* [How to complete this task] Line by line, transcribe all of the entries exactly.

* [Data for analysis]
──────────────────────────────

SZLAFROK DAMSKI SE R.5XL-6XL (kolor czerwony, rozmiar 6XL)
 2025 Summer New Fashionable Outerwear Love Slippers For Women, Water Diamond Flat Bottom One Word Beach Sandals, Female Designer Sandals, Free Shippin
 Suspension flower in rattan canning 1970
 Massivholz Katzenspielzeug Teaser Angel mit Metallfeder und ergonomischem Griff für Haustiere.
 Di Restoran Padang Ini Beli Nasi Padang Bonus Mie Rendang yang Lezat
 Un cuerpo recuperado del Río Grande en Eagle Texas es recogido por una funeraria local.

──────────────────────────────

* [Task result]
SZLAFROK DAMSKI SE R.5XL-6XL (kolor czerwony, rozmiar 6XL)
 2025 Summer New Fashionable Outerwear Love Slippers For Women, Water Diamond Flat Bottom One Word Beach Sandals, Female Designer Sandals, Free Shippin
 Suspension flower in rattan canning 1970
 Massivholz Katzenspielzeug Teaser Angel mit Metallfeder und ergonomischem Griff für Haustiere.
 Di Restoran Padang Ini Beli Nasi Padang Bonus Mie Rendang yang Lezat
 Un cuerpo recuperado del Río Grande en Eagle Texas es recogido por una funeraria local.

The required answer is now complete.